Provided records -
"""

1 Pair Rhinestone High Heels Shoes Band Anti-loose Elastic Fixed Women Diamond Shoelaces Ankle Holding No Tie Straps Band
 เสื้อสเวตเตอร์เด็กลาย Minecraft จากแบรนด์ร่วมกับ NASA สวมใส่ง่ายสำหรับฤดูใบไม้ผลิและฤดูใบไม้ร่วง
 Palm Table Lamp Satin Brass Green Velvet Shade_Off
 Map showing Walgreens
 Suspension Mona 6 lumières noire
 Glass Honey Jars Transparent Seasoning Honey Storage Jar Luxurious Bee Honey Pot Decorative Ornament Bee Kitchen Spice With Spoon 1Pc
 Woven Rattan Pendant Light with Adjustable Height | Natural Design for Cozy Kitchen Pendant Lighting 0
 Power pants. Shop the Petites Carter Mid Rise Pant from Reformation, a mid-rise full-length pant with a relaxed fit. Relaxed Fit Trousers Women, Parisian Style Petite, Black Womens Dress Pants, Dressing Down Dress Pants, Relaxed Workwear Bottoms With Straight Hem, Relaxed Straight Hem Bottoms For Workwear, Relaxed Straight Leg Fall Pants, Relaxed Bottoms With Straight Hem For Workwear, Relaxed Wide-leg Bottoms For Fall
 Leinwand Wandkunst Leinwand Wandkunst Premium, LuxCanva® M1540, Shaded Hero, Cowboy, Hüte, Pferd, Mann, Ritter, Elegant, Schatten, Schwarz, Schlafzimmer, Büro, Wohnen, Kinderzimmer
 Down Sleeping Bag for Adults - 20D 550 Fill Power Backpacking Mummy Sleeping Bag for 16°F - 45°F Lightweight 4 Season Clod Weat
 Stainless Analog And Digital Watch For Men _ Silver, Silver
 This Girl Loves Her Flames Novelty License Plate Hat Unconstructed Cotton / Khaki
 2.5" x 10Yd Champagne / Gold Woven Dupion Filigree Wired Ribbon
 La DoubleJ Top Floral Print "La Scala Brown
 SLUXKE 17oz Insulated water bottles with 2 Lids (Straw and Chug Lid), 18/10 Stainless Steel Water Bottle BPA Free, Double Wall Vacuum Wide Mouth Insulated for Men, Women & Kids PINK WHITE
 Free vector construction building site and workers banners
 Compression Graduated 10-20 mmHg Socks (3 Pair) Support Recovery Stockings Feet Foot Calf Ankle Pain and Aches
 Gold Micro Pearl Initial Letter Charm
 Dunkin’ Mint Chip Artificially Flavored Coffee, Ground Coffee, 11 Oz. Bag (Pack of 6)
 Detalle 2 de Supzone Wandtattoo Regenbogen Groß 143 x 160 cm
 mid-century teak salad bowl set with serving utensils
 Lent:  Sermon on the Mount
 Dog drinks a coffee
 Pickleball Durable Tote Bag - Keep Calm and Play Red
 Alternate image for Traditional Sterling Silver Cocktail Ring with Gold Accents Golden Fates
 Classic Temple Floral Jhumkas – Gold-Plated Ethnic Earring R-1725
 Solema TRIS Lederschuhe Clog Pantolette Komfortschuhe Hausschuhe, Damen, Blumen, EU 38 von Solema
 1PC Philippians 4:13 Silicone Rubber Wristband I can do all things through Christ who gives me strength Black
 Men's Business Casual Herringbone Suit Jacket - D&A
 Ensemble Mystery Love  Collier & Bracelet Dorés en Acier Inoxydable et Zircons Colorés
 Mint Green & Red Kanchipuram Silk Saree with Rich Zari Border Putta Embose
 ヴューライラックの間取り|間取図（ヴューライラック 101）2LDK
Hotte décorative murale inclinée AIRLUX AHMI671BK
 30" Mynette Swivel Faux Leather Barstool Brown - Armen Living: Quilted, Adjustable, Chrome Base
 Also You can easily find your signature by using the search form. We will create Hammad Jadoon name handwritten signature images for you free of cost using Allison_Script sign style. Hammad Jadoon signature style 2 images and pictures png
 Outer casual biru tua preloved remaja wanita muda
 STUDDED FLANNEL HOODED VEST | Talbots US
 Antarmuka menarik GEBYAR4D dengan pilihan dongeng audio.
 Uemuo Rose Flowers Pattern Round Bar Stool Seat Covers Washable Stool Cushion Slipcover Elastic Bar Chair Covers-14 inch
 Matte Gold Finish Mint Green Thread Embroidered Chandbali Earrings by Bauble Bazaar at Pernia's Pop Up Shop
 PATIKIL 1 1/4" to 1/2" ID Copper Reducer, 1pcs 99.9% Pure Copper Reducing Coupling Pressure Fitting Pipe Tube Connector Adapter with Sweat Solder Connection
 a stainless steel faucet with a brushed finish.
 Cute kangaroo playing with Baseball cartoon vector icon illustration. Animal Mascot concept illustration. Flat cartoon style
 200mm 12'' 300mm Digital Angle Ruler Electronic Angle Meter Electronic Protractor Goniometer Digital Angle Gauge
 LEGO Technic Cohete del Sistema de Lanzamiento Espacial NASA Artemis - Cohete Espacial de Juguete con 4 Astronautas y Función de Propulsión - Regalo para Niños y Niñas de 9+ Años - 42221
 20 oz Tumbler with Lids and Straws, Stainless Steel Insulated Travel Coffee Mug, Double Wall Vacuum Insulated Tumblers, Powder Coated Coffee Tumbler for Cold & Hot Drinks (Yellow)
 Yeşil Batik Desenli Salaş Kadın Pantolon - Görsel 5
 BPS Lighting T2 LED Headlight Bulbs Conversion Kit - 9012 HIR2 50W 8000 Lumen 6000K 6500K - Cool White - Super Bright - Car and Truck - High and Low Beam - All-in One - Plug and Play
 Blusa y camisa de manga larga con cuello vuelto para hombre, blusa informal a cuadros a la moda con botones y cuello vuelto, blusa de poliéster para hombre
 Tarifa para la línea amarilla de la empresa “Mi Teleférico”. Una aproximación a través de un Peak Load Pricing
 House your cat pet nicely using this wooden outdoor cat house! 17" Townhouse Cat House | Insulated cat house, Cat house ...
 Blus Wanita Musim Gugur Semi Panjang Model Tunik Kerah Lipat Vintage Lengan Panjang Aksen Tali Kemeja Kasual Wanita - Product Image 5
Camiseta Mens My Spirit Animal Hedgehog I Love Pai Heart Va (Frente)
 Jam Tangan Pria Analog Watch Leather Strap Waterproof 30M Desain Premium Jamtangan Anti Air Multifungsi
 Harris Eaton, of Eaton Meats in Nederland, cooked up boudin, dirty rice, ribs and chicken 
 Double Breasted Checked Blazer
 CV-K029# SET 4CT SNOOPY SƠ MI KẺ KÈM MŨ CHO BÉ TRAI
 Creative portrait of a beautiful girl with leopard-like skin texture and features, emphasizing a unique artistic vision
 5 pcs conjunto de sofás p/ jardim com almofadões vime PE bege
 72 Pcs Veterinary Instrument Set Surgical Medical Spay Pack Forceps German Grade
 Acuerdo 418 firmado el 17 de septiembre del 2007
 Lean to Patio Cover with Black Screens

"""

A faithful copy of every record is required; output it in full.

1 Pair Rhinestone High Heels Shoes Band Anti-loose Elastic Fixed Women Diamond Shoelaces Ankle Holding No Tie Straps Band
 เสื้อสเวตเตอร์เด็กลาย Minecraft จากแบรนด์ร่วมกับ NASA สวมใส่ง่ายสำหรับฤดูใบไม้ผลิและฤดูใบไม้ร่วง
 Palm Table Lamp Satin Brass Green Velvet Shade_Off
 Map showing Walgreens
 Suspension Mona 6 lumières noire
 Glass Honey Jars Transparent Seasoning Honey Storage Jar Luxurious Bee Honey Pot Decorative Ornament Bee Kitchen Spice With Spoon 1Pc
 Woven Rattan Pendant Light with Adjustable Height | Natural Design for Cozy Kitchen Pendant Lighting 0
 Power pants. Shop the Petites Carter Mid Rise Pant from Reformation, a mid-rise full-length pant with a relaxed fit. Relaxed Fit Trousers Women, Parisian Style Petite, Black Womens Dress Pants, Dressing Down Dress Pants, Relaxed Workwear Bottoms With Straight Hem, Relaxed Straight Hem Bottoms For Workwear, Relaxed Straight Leg Fall Pants, Relaxed Bottoms With Straight Hem For Workwear, Relaxed Wide-leg Bottoms For Fall
 Leinwand Wandkunst Leinwand Wandkunst Premium, LuxCanva® M1540, Shaded Hero, Cowboy, Hüte, Pferd, Mann, Ritter, Elegant, Schatten, Schwarz, Schlafzimmer, Büro, Wohnen, Kinderzimmer
 Down Sleeping Bag for Adults - 20D 550 Fill Power Backpacking Mummy Sleeping Bag for 16°F - 45°F Lightweight 4 Season Clod Weat
 Stainless Analog And Digital Watch For Men _ Silver, Silver
 This Girl Loves Her Flames Novelty License Plate Hat Unconstructed Cotton / Khaki
 2.5" x 10Yd Champagne / Gold Woven Dupion Filigree Wired Ribbon
 La DoubleJ Top Floral Print "La Scala Brown
 SLUXKE 17oz Insulated water bottles with 2 Lids (Straw and Chug Lid), 18/10 Stainless Steel Water Bottle BPA Free, Double Wall Vacuum Wide Mouth Insulated for Men, Women & Kids PINK WHITE
 Free vector construction building site and workers banners
 Compression Graduated 10-20 mmHg Socks (3 Pair) Support Recovery Stockings Feet Foot Calf Ankle Pain and Aches
 Gold Micro Pearl Initial Letter Charm
 Dunkin’ Mint Chip Artificially Flavored Coffee, Ground Coffee, 11 Oz. Bag (Pack of 6)
 Detalle 2 de Supzone Wandtattoo Regenbogen Groß 143 x 160 cm
 mid-century teak salad bowl set with serving utensils
 Lent:  Sermon on the Mount
 Dog drinks a coffee
 Pickleball Durable Tote Bag - Keep Calm and Play Red
 Alternate image for Traditional Sterling Silver Cocktail Ring with Gold Accents Golden Fates
 Classic Temple Floral Jhumkas – Gold-Plated Ethnic Earring R-1725
 Solema TRIS Lederschuhe Clog Pantolette Komfortschuhe Hausschuhe, Damen, Blumen, EU 38 von Solema
 1PC Philippians 4:13 Silicone Rubber Wristband I can do all things through Christ who gives me strength Black
 Men's Business Casual Herringbone Suit Jacket - D&A
 Ensemble Mystery Love  Collier & Bracelet Dorés en Acier Inoxydable et Zircons Colorés
 Mint Green & Red Kanchipuram Silk Saree with Rich Zari Border Putta Embose
 ヴューライラックの間取り|間取図（ヴューライラック 101）2LDK
Hotte décorative murale inclinée AIRLUX AHMI671BK
 30" Mynette Swivel Faux Leather Barstool Brown - Armen Living: Quilted, Adjustable, Chrome Base
 Also You can easily find your signature by using the search form. We will create Hammad Jadoon name handwritten signature images for you free of cost using Allison_Script sign style. Hammad Jadoon signature style 2 images and pictures png
 Outer casual biru tua preloved remaja wanita muda
 STUDDED FLANNEL HOODED VEST | Talbots US
 Antarmuka menarik GEBYAR4D dengan pilihan dongeng audio.
 Uemuo Rose Flowers Pattern Round Bar Stool Seat Covers Washable Stool Cushion Slipcover Elastic Bar Chair Covers-14 inch
 Matte Gold Finish Mint Green Thread Embroidered Chandbali Earrings by Bauble Bazaar at Pernia's Pop Up Shop
 PATIKIL 1 1/4" to 1/2" ID Copper Reducer, 1pcs 99.9% Pure Copper Reducing Coupling Pressure Fitting Pipe Tube Connector Adapter with Sweat Solder Connection
 a stainless steel faucet with a brushed finish.
 Cute kangaroo playing with Baseball cartoon vector icon illustration. Animal Mascot concept illustration. Flat cartoon style
 200mm 12'' 300mm Digital Angle Ruler Electronic Angle Meter Electronic Protractor Goniometer Digital Angle Gauge
 LEGO Technic Cohete del Sistema de Lanzamiento Espacial NASA Artemis - Cohete Espacial de Juguete con 4 Astronautas y Función de Propulsión - Regalo para Niños y Niñas de 9+ Años - 42221
 20 oz Tumbler with Lids and Straws, Stainless Steel Insulated Travel Coffee Mug, Double Wall Vacuum Insulated Tumblers, Powder Coated Coffee Tumbler for Cold & Hot Drinks (Yellow)
 Yeşil Batik Desenli Salaş Kadın Pantolon - Görsel 5
 BPS Lighting T2 LED Headlight Bulbs Conversion Kit - 9012 HIR2 50W 8000 Lumen 6000K 6500K - Cool White - Super Bright - Car and Truck - High and Low Beam - All-in One - Plug and Play
 Blusa y camisa de manga larga con cuello vuelto para hombre, blusa informal a cuadros a la moda con botones y cuello vuelto, blusa de poliéster para hombre
 Tarifa para la línea amarilla de la empresa “Mi Teleférico”. Una aproximación a través de un Peak Load Pricing
 House your cat pet nicely using this wooden outdoor cat house! 17" Townhouse Cat House | Insulated cat house, Cat house ...
 Blus Wanita Musim Gugur Semi Panjang Model Tunik Kerah Lipat Vintage Lengan Panjang Aksen Tali Kemeja Kasual Wanita - Product Image 5
Camiseta Mens My Spirit Animal Hedgehog I Love Pai Heart Va (Frente)
 Jam Tangan Pria Analog Watch Leather Strap Waterproof 30M Desain Premium Jamtangan Anti Air Multifungsi
 Harris Eaton, of Eaton Meats in Nederland, cooked up boudin, dirty rice, ribs and chicken 
 Double Breasted Checked Blazer
 CV-K029# SET 4CT SNOOPY SƠ MI KẺ KÈM MŨ CHO BÉ TRAI
 Creative portrait of a beautiful girl with leopard-like skin texture and features, emphasizing a unique artistic vision
 5 pcs conjunto de sofás p/ jardim com almofadões vime PE bege
 72 Pcs Veterinary Instrument Set Surgical Medical Spay Pack Forceps German Grade
 Acuerdo 418 firmado el 17 de septiembre del 2007
 Lean to Patio Cover with Black Screens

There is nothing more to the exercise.